--- Dataset records ---
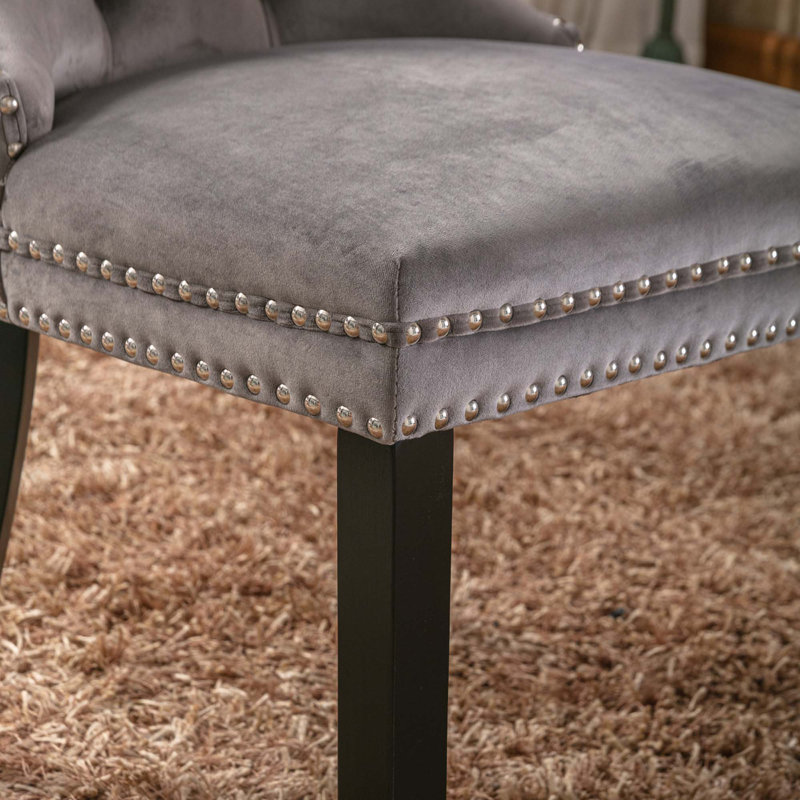 Tufted Solid Wood Velvet Upholstered Dining Chair, Velvet Gray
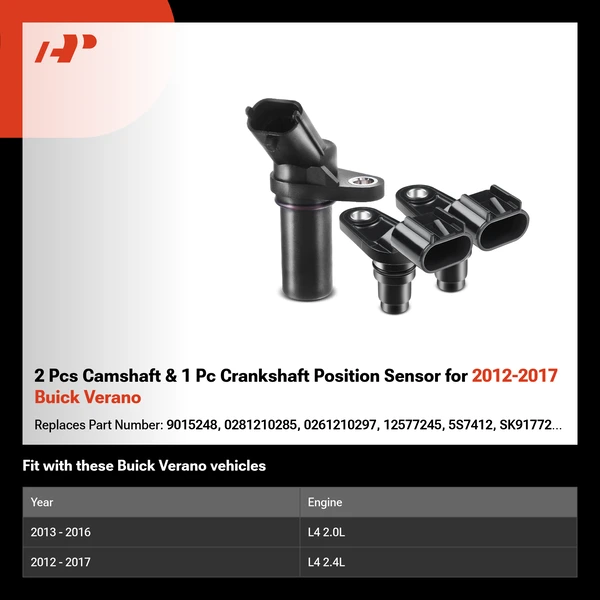 2 Pcs Camshaft & 1 Pc Crankshaft Position Sensor for 2012-2017 Buick Verano
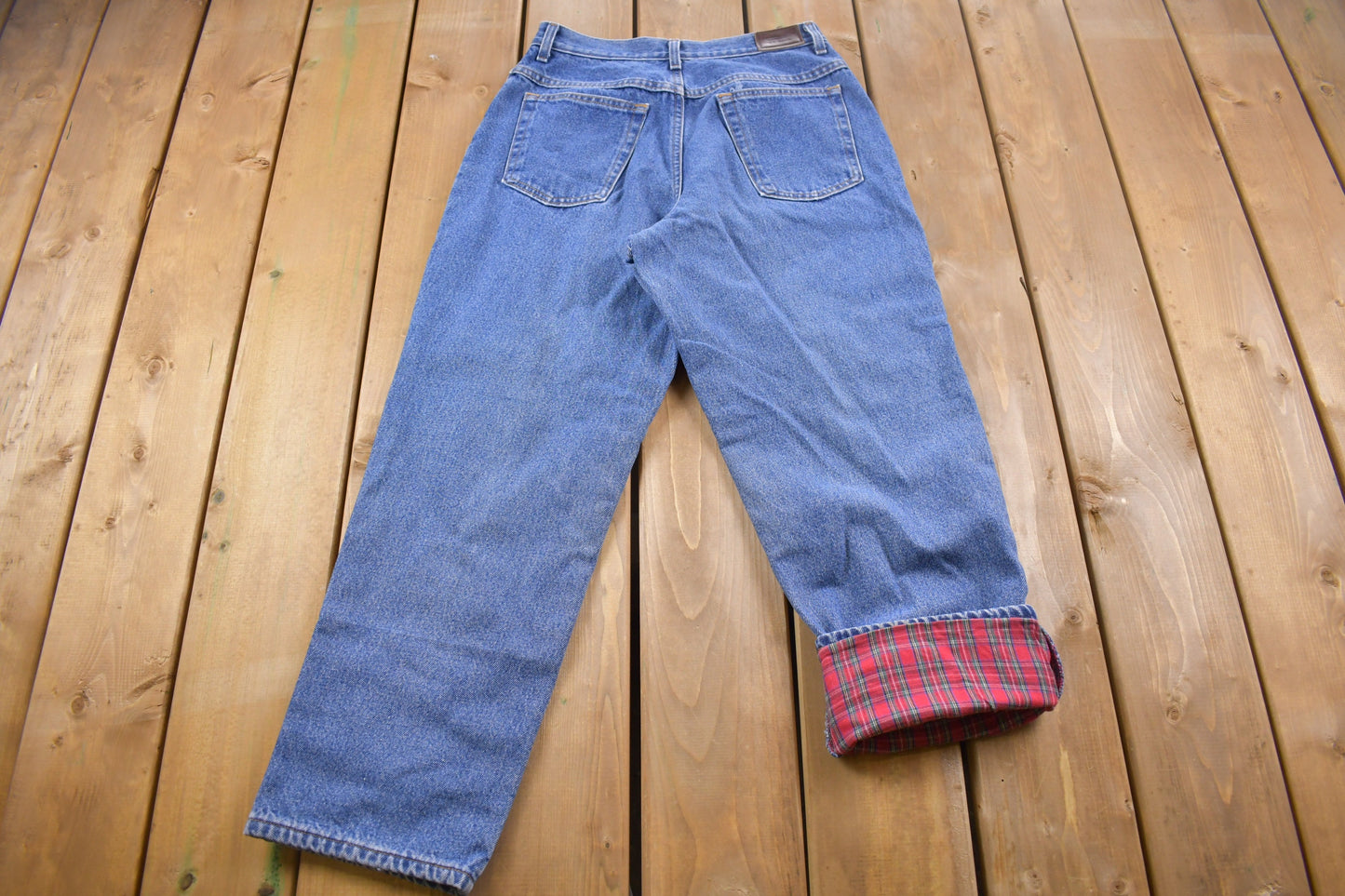 Vintage 1990s L.L Bean Plaid Cotton Lined Jeans 28 x 26 / Vintage Jeans / Vintage LL Bean / Relaxed Fit / Streetwear Fashion / Vintage Pants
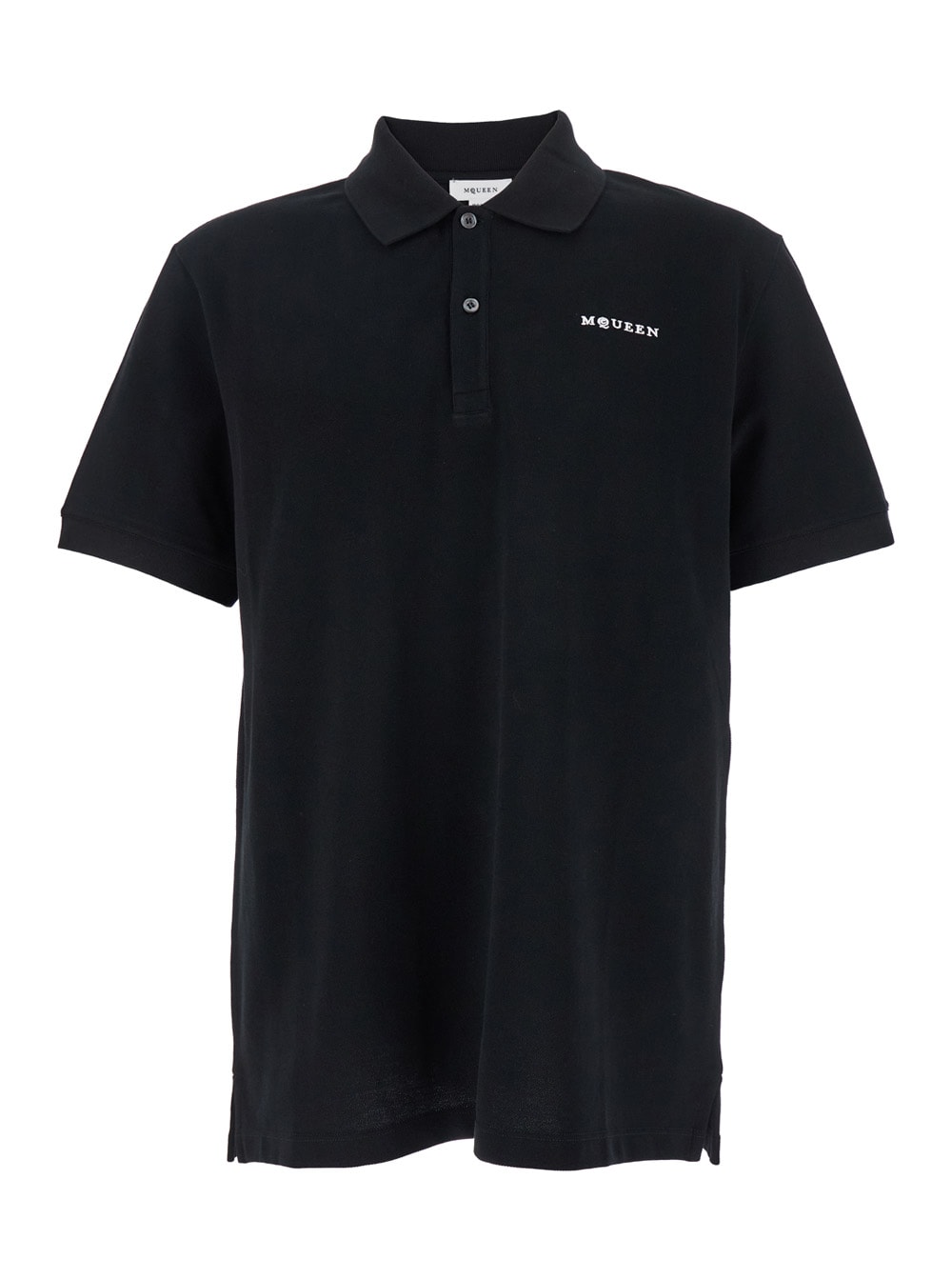 Black Polo Shirt With Classic Collar And Logo Lettering Embroidery On The Front In Cotton Man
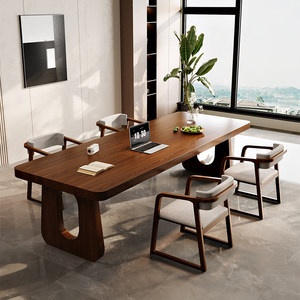 
Modern minimalist style solid wood living room large desk rectangular office desk and chair combination home study table with workbench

--- Aim of the exercise ---
Set down every entry above without alteration, but print no images.

--- Response ---
 Tufted Solid Wood Velvet Upholstered Dining Chair, Velvet Gray
 2 Pcs Camshaft & 1 Pc Crankshaft Position Sensor for 2012-2017 Buick Verano
 Vintage 1990s L.L Bean Plaid Cotton Lined Jeans 28 x 26 / Vintage Jeans / Vintage LL Bean / Relaxed Fit / Streetwear Fashion / Vintage Pants
 Black Polo Shirt With Classic Collar And Logo Lettering Embroidery On The Front In Cotton Man
Modern minimalist style solid wood living room large desk rectangular office desk and chair combination home study table with workbench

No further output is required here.